The first real piece of DLC has been released for the excellent Deus Ex: Human Revolution — weapons and skins don’t count — and at a bit of a hefty price. Like Mass Effect 2: Lair of the Shadow Broker, The Missing Link adds some new action that fits into the game’s universe, while offering you a lot of what you’ve seen before.
The question most fans will ask themselves, however, is whether or not it is good enough.
Deus Ex: Human Revolution – The Missing Link (Xbox 360 [Reviewed], PlayStation 3, PC)
Developer: Eidos Montréal
Publisher: Square Enix
Released: October 18, 2011
MSRP: 1200 Microsoft Points, $14.99
The Missing Link expands upon Human Revolution‘s story at a point where it seemed like nothing was actually missed, let alone a link. As Adam Jensen departs Heng Sha in a cryostasis chamber on board a freighter, the original game simply had him wake up at his planned destination some time later. In The Missing Link, however, Jensen is rudely awakened on board the Belltower cargo ship he hitched a ride on, finding himself in a bit of a predicament without access to his augmentation upgrades and weapons.
Rather than having to have a save game at the ready to access the DLC, you simply start it from the main menu’s Downloadable Content section. This makes it feel slightly disconnected from the main story, but it’s a better solution than having to replay the entire game up to a certain point just because you didn’t have dozens of save games.
I won’t go into the story too much, as part of the fun in Deus Ex is piecing together the overarching storyline, but on the whole The Missing Link fits nicely into the main game’s narrative without actually adding anything you can’t live without. There are more than a few hints at the world of Human Revolution and the original Deus Ex for the fans that care, but then again, if you played Deus Ex then you already kind of knew how it all ends up anyway. Suffice it to say that some key names make an appearance while skulking in the shadows and hacking computers like a boss.

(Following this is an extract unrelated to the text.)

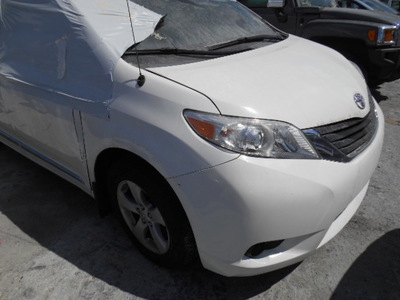 toyota sienna le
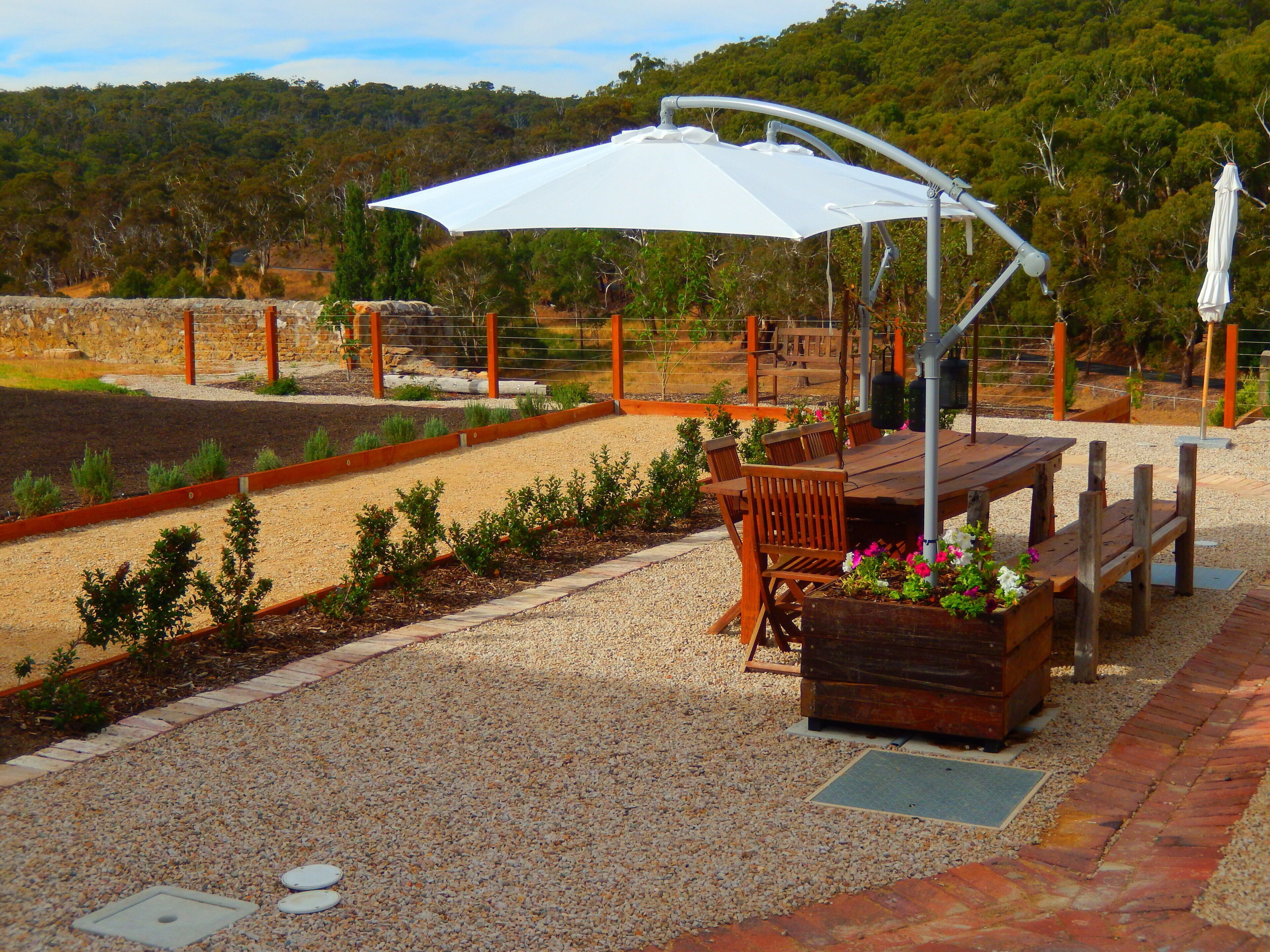 Morialta Barns - The Loft - Unique Heritage Accommodation — image 18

Story and narrative fun aside, The Missing Link focuses on the cargo ship you were a stowaway on in the main game, and the Belltower base the ship is heading towards. Of course, nothing is as it really seems and twists and turns have you corkscrewing your way through about 5-6 hours of gameplay. There’s a nice mix of stealth and optional combat to fit the style you feel most comfortable with, so fans will feel right at home. You will be able to respec Jensen quickly enough after starting, which gives you a chance to try some new avenues of approach without having to spend 15 hours of the original game.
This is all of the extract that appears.